Experiment 3 – Looking for an offset

So in principle we are doing the right thing with cast; perhaps the issue is that we have the wrong offset. To figure out what the right offset might be, I took a look at each value between 0 and 32, and tried to use that value as the offset:

>>> start = 0
>>> end = 32
>>> for h in range(start, end + 1):
...     print("{}: {}".format(h, cast(id(1) + h, POINTER(c_long))[0]))
...
0: 850
1: -9223372036854775805
2: -3350678122763649024
3: -7146790396171911168
4: 44140444052881408
5: 172423609581568
6: 673529724928
7: 2630975488
8: 10277248
9: 72057594037968081
10: 281474976710812
11: 1099511627776
12: 4294967296
13: 16777216
14: 65536
15: 256
16: 1
17: 72057594037927936
18: 281474976710656
19: 1099511627776
20: 4294967296
21: 16777216
22: 65536
23: 256
24: 1
25: 8142508126285856768
26: 31806672368304128
27: 124244813938688
28: 485331304448
29: 1895825408
30: 7405568
31: 28928
32: 113

So there are two 1 values in there, at offset 16 and offset 24. Let’s take a look at 2 and 3 and hopefully a pattern will emerge:

>>> for h in range(start, end + 1):
...     print("{}: {}".format(h, cast(id(2) + h, POINTER(c_long))[0]))
...
0: 115
1: -9223372036854775808
2: -3350678122763649024
3: -7146790396171911168
4: 44140444052881408
5: 172423609581568
6: 673529724928
7: 2630975488
8: 10277248
9: 72057594037968081
10: 281474976710812
11: 1099511627776
12: 4294967296
13: 16777216
14: 65536
15: 256
16: 1
17: 144115188075855872
18: 562949953421312
19: 2199023255552
20: 8589934592
21: 33554432
22: 131072
23: 512
24: 2
25: 3746994889972252672
26: 14636698788954112
27: 57174604644352
28: 223338299392
29: 872415232
30: 3407872
31: 13312
32: 52
>>> for h in range(start, end + 1):
...     print("{}: {}".format(h, cast(id(3) + h, POINTER(c_long))[0]))
...
0: 54
1: -9223372036854775808
2: -3350678122763649024
3: -7146790396171911168
4: 44140444052881408
5: 172423609581568
6: 673529724928
7: 2630975488
8: 10277248
9: 72057594037968081
10: 281474976710812
11: 1099511627776
12: 4294967296
13: 16777216
14: 65536
15: 256
16: 1
17: 216172782113783808
18: 844424930131968
19: 3298534883328
20: 12884901888
21: 50331648
22: 196608
23: 768
24: 3
25: 4611686018427387904
26: 18014398509481984
27: 70368744177664
28: 274877906944
29: 1073741824
30: 4194304
31: 16384
32: 64

So it looks like our offset might be 24/0x18. Let’s test that for each value:

>>> for x in range(-5, 256 + 1):
...     y = cast(id(x) + 0x18, POINTER(c_long))[0]
...     print("x: {0} --> {1}".format(x, y))
...     assert abs(x) == y
...
x: -5 --> 5
x: -4 --> 4
x: -3 --> 3
x: -2 --> 2
x: -1 --> 1
x: 0 --> 0
x: 1 --> 1
x: 2 --> 2
x: 3 --> 3
x: 4 --> 4
x: 5 --> 5
...
x: 254 --> 254
x: 255 --> 255
x: 256 --> 256

Experiment 4 – Changing a value in the integer cache

Aha!

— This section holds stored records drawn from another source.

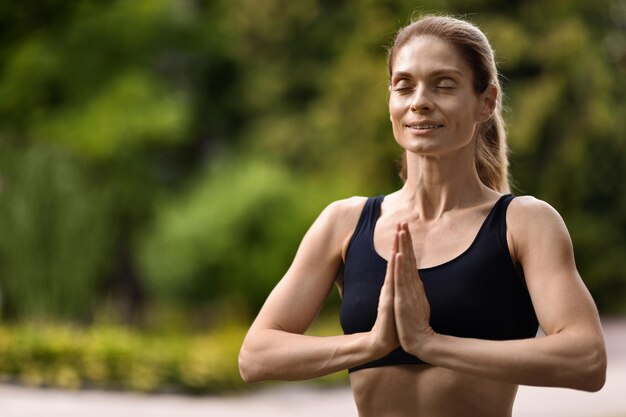 Mujer deportiva alegre que tiene meditación en el espacio de copia del parque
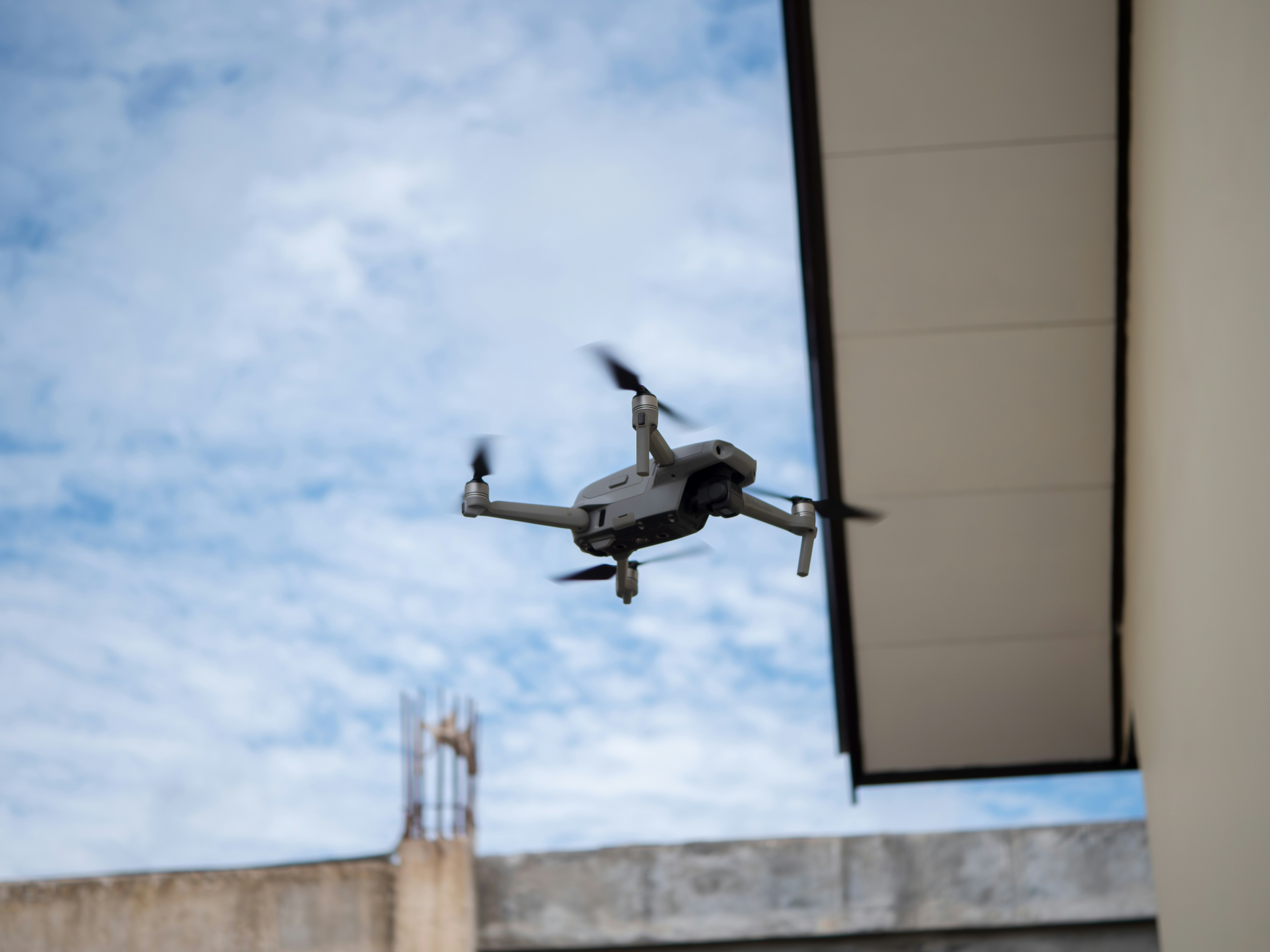 A small plane flying over a building under a cloudy sky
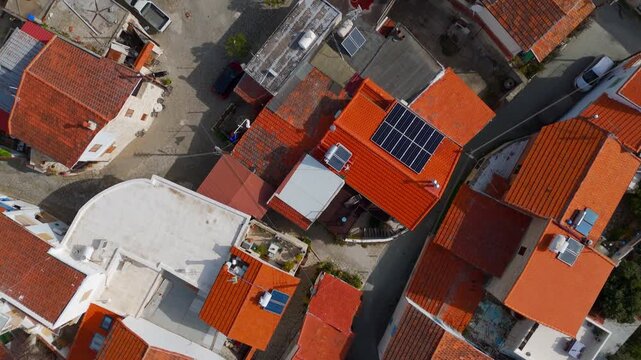 Vertical Aerial Top Down View of Winding Streets and Traditional Stone Rooftops in Laneia Cyprus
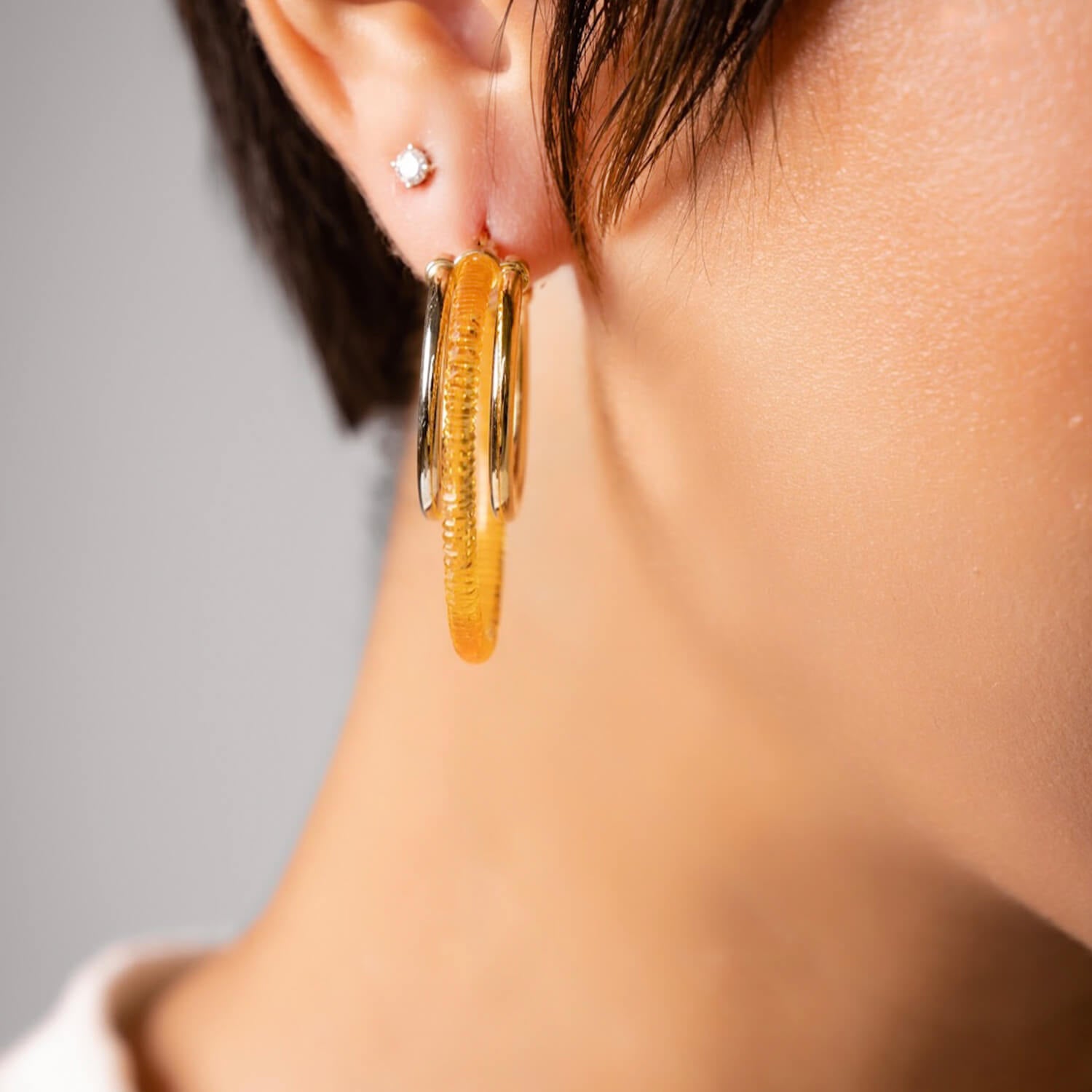 triple multi gold hoop earrings in honey orange gold lucite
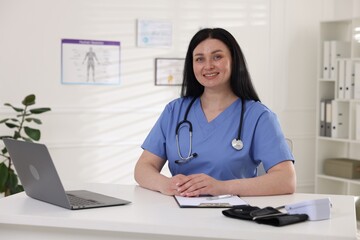 Professional doctor working at white desk in hospital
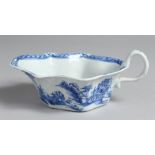 AN EARLY BOW SAUCE BOAT with flat unglazed base and unusual handle painted in underglaze blue,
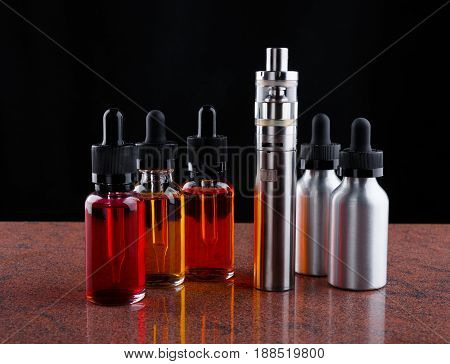 Electronic cigarette and bottles with assorted vape liquid on granite surface and black background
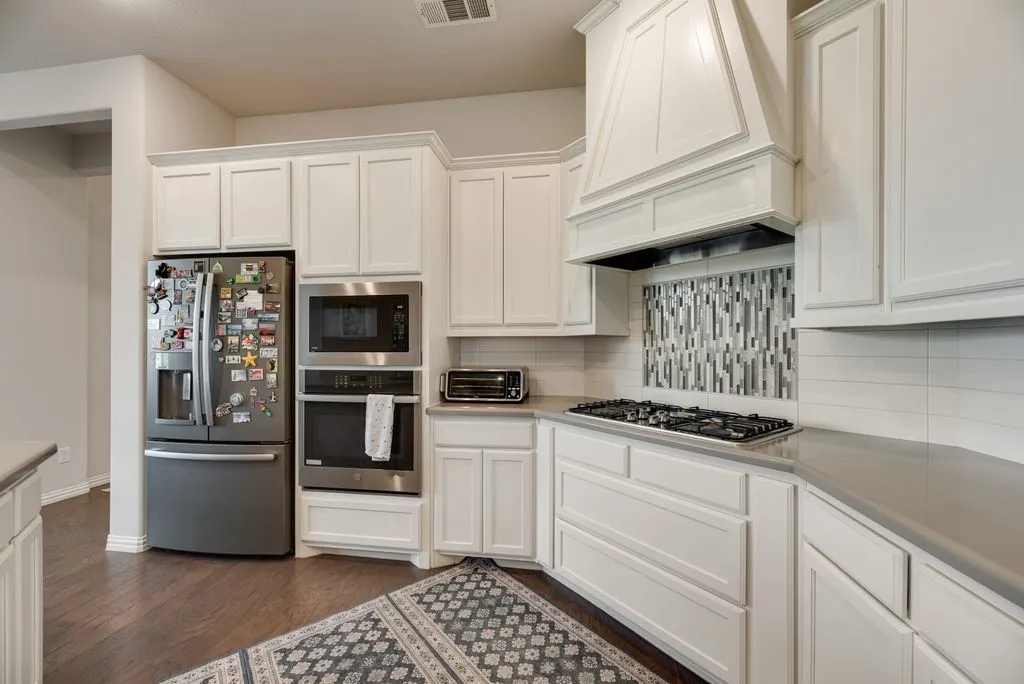 Contemporary kitchen featuring white cabinetry, integrated stainless steel appliances, a gas cooktop, and a decorative tile backsplash under a custom range hood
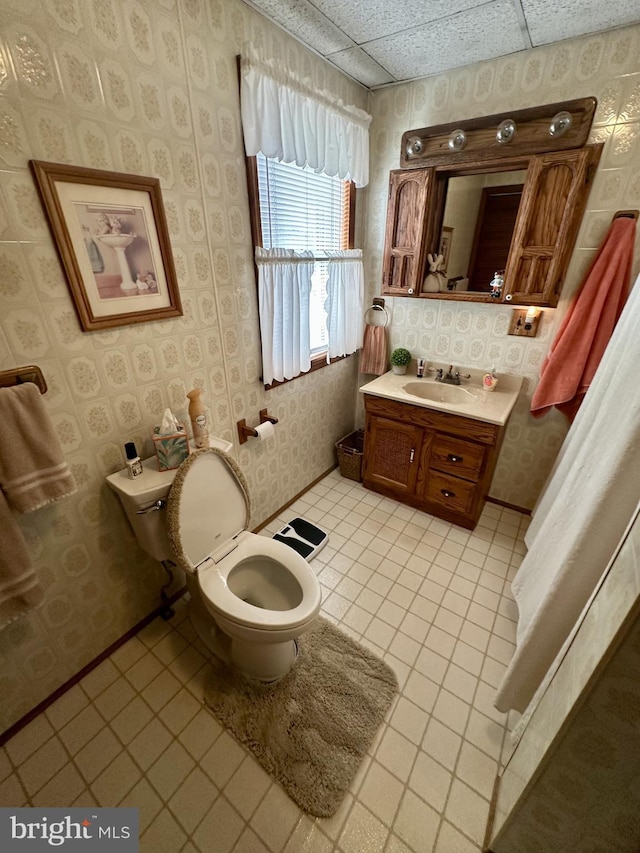 bathroom featuring tile patterned floors, toilet, vanity, and wallpapered walls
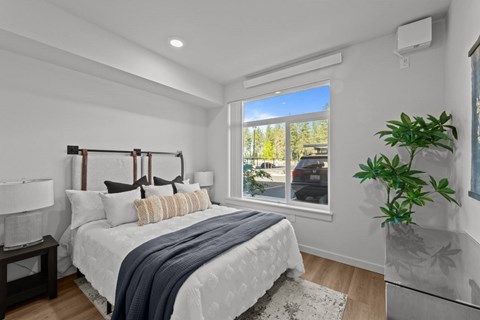 Modern bedroom with white bedding and large window at Confluence on Farwell Apartments, Spokane, WA 99218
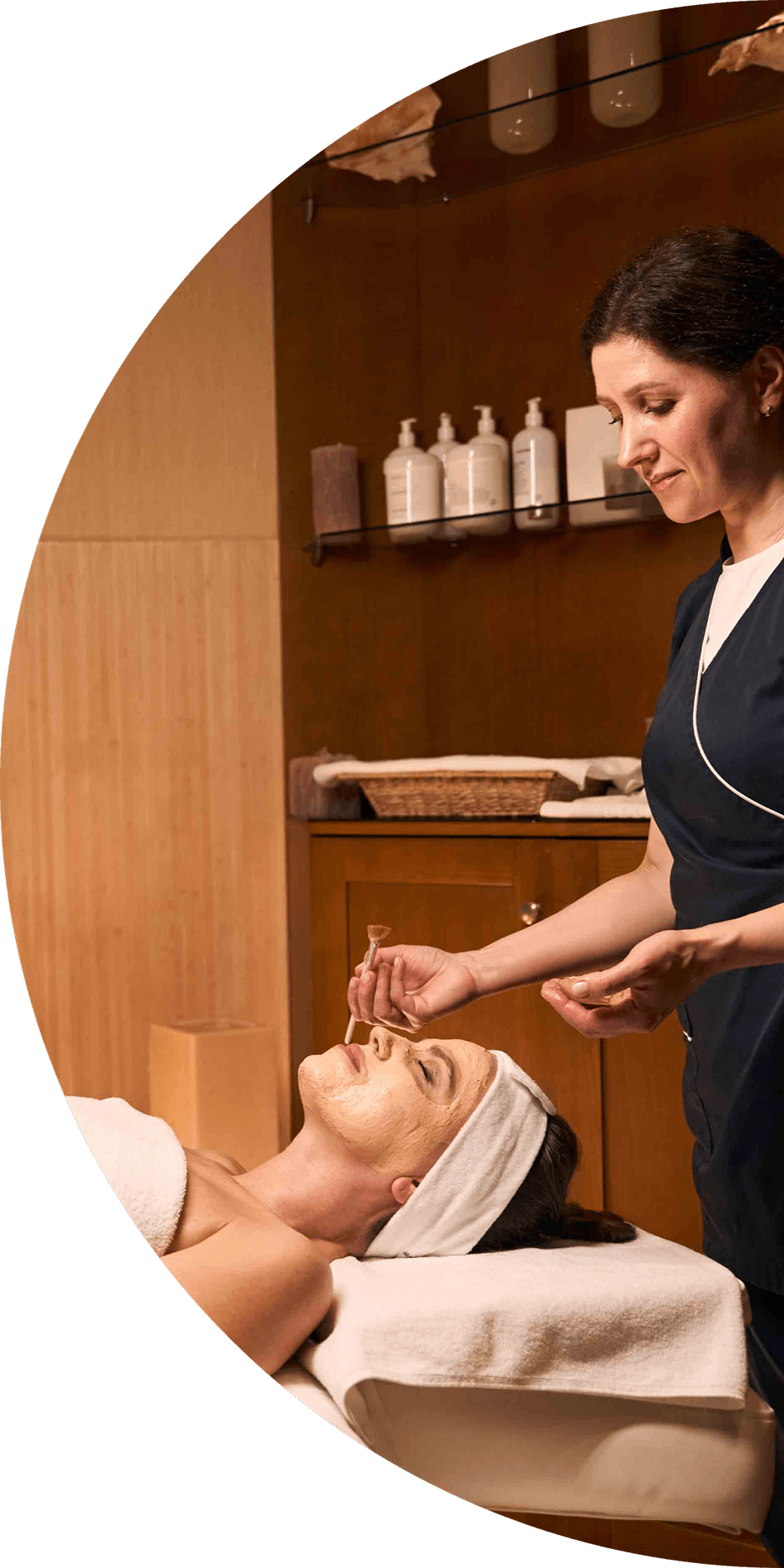 A woman giving another woman a facial treatment in a spa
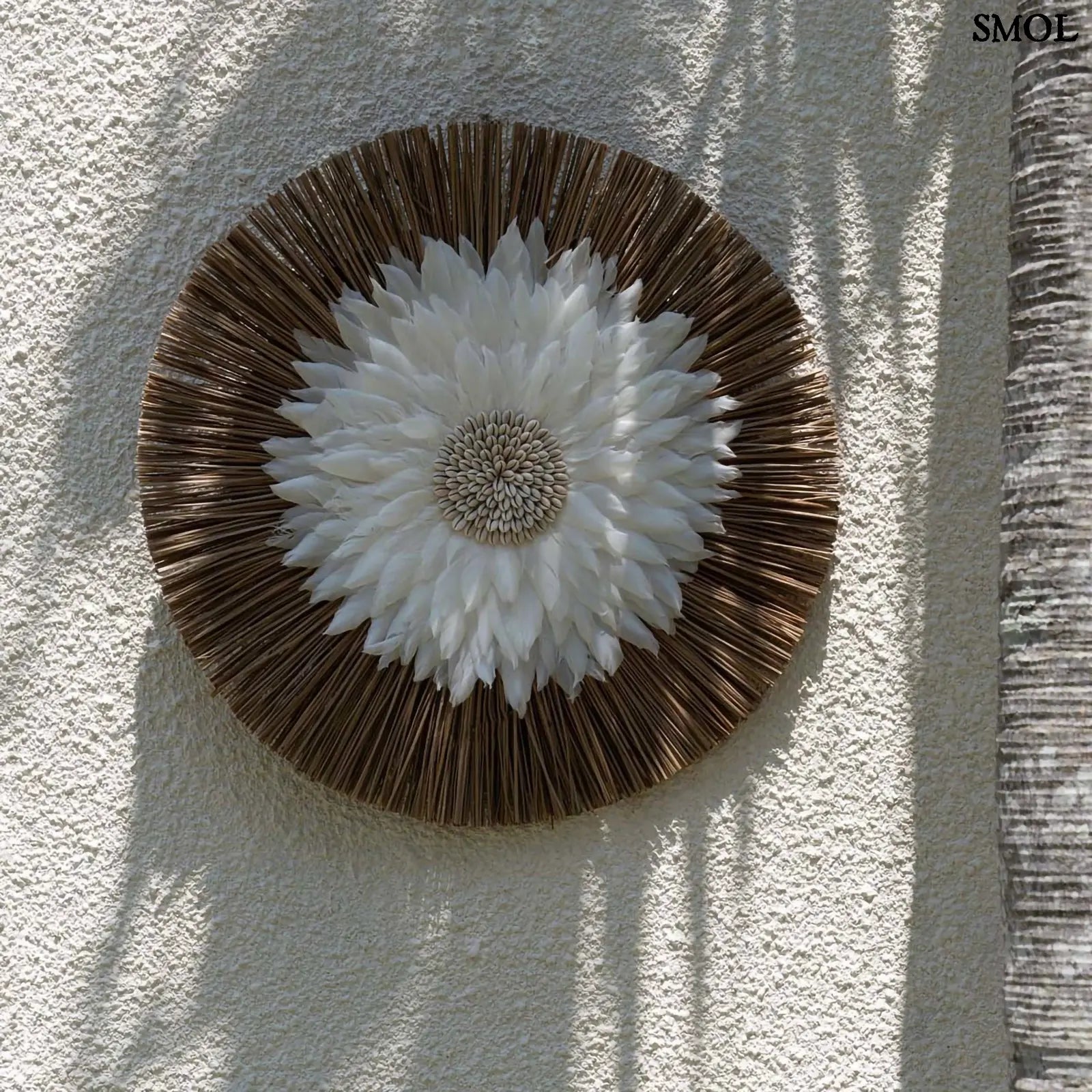 Fali dekoráció fehér tollakkal és kagylós középpel, natúr alang-alang fű alapon, falon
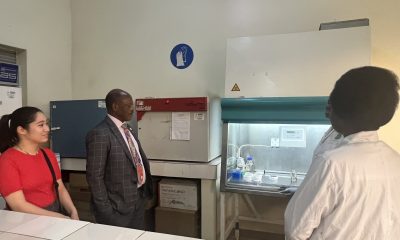 The Vice Chancellor inspecting machines in a laboratory at Makerere University Agricultural Research Institute Kabanyolo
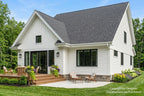 Rear exterior rendering of the Wexford modern farmhouse with a raised wood deck and ground-level patio.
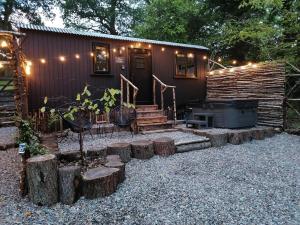 a small cabin with a grill and some logs at The Mar Huts - The Conic Hut in Drymen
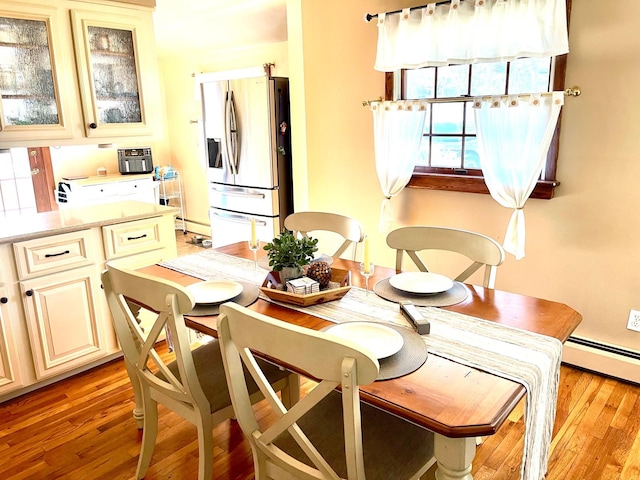 dining area with a baseboard heating unit and light wood-style floors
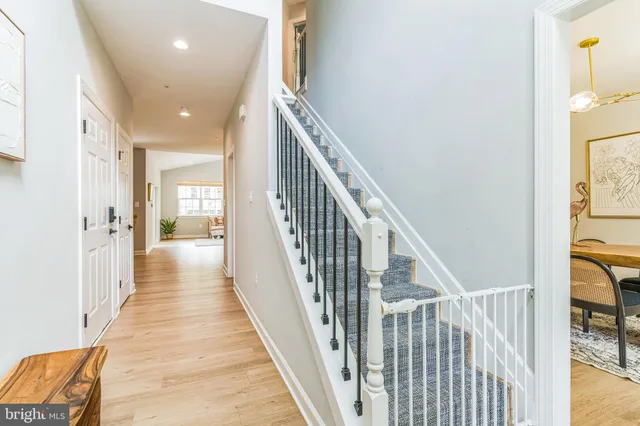 a view of a hallway with wooden floor and staircase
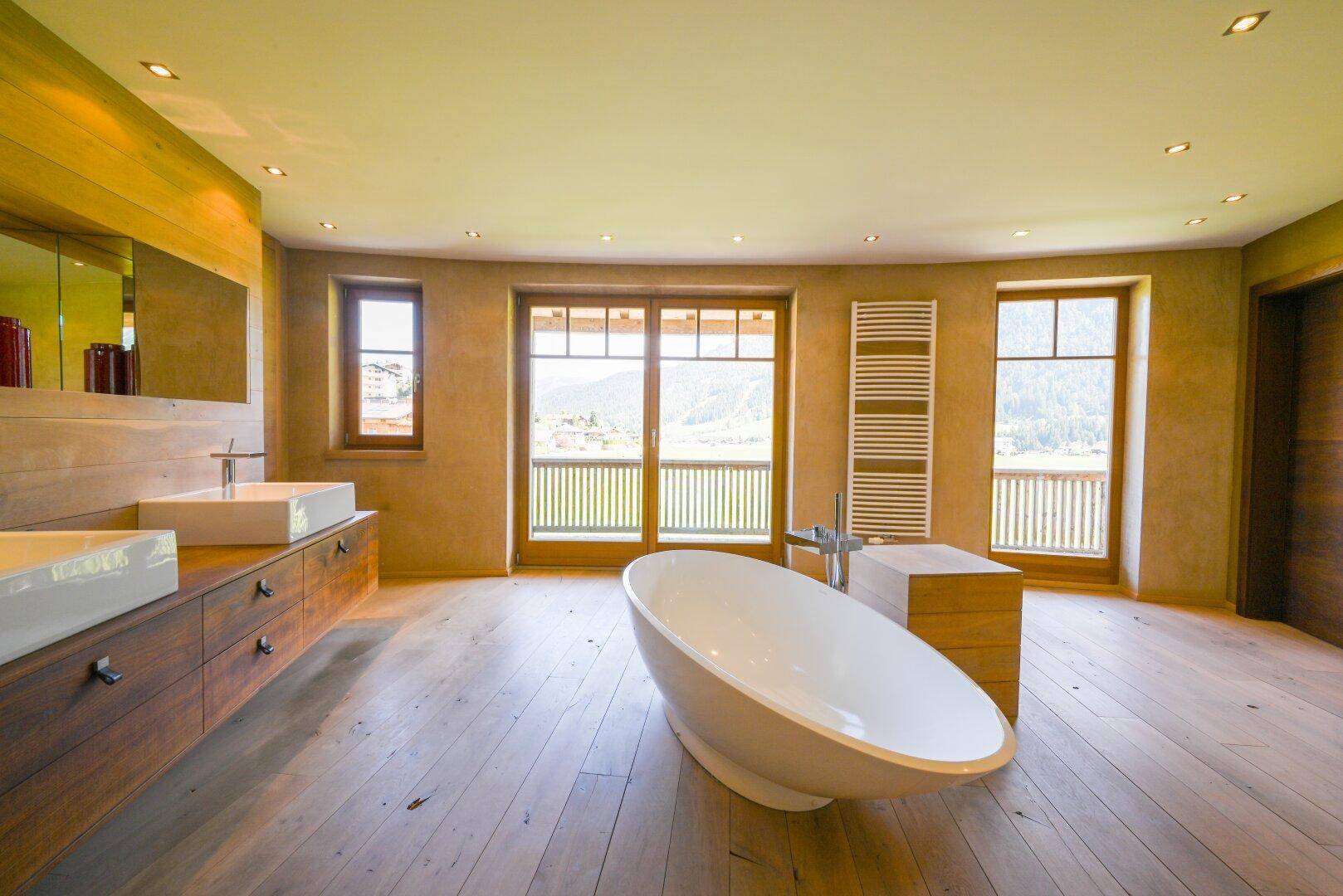 Modernes Badezimmer mit freistehender Badewanne, zwei Waschbecken und Bergblick.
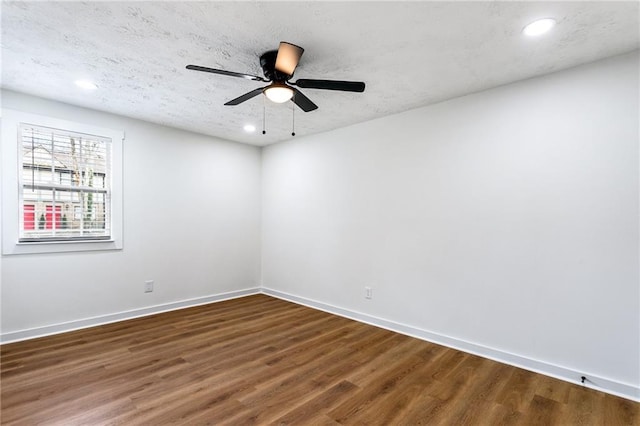 empty room with recessed lighting, baseboards, a textured ceiling, and wood finished floors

It looks like we’ve found the correct offset. Now let’s just try dumbly assigning a value to a random integer in that range:

>>> cast(id(13) + 0x18, POINTER(c_long))[0] = 1
>>> 13 + 1
2

Awesome, now we’re getting somewhere. Let’s see if we can finally make Big Brother’s math correct:

>>> cast(id(5) + 0x18, POINTER(c_long))[0] = 4
>>> 2 + 2 == 5
True

There are still a lot of our original questions left unanswered which we’ll try to tackle in an upcoming post. More on the Python integer cache to come.